Par conséquent, le tiers pouvait invoquer la situation de fait créée par les conventions auxquelles il n'avait pas été parti, dès lors que cette situation de fait lui avait causé un préjudice de nature à engager une action en responsabilité délictuelle, à condition que le tiers établissait l'existence d'une faute délictuelle prouvée en dehors de tout contrat.
La jurisprudence entendait ainsi subordonner la responsabilité délictuelle à la preuve de la violation par le débiteur d'une règle de portée générale dont il aurait dû répondre, même s'il n'y avait pas eu de contrat, en l'application de l'article 1382 du Code civil. Il fallait donc, établir une faute détachable du contrat, telle qu'une faute de négligence ou d' imprudence, commise par le créancier.
Bien qu'il apparaissait plus difficile pour le tiers d'engager la responsabilité délictuelle du contractant, cette solution semblait néanmoins conforme au principe de la relativité de la faute contractuelle.
En effet, au regard de ce principe, le contrat ne génère de responsabilité envers les tiers que si le manquement contractuel se double d'un manquement au devoir général de ne pas nuire à autrui.
Ainsi, toute faute contractuelle n'est pas obligatoirement une faute délictuelle. Pour que l'action en responsabilité délictuelle envers le contractant soit fondée, le tiers se doit de démontrer que son préjudice a été causé par une faute quasi-délictuelle de négligence ou d’imprudence. Il doit apporter la preuve d'une faute délictuelle qui soit détachable du contrat inexécuté.

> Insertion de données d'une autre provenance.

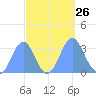 Rongerik Atoll tide chart for Friday, September 26, 2025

Il convient de rappeler, que le tiers ne peut invoquer la faute contractuelle, contrairement au créancier victime de l'inexécution contractuelle du débiteur ( l'article 1165 du Code civile dispose que : « le tiers peut agir en responsabilité délictuelle contre un débiteur qui lui a causé un dommage en raison de l'inexécution de ses engagements contractuels mais cela ne l'autorise en aucun cas à agir en qualité de créancier contractuel » ).
La Chambre commerciale de la Cour de cassation semble avoir adopté ce principe de la relativité de la faute délictuelle, en exigeant la preuve d'une faute délictuelle détachable du contrat. Ce principe a été réaffirmé dans un arrêt récemment rendu par la Chambre commerciale, le 5 avril 2005 :« Un tiers ne peut, sur le fondement de la responsabilité délictuelle, se prévaloir de l’inexécution du contrat qu’à la condition que cette inexécution constitue un manquement à son égard au devoir général de ne pas nuire à autrui ». Ainsi, la Chambre commerciale reste bien attachée au principe de l’autonomie de la faute délictuelle par rapport à l’inexécution contractuelle, contrairement à la première chambre de la Cour de cassation, qui elle soutient que le tiers n'a pas à rapporter d'autre preuve que le manquement contractuel du débiteur, ayant causé un dommage au tiers. Elle semble donc, plutôt se diriger vers une identité, une assimilation des fautes contractuelles et délictuelles.
En l'espèce, si l'on appliquait la thèse de la relativité de la faute contractuelle, la cassation pourrait être encourue dès lors que les juges du fond n'ont pas caractérisé une faute délictuelle, invoquée par la société Boot shop et envisagée en elle-même indépendamment de la faute contractuelle du bailleur.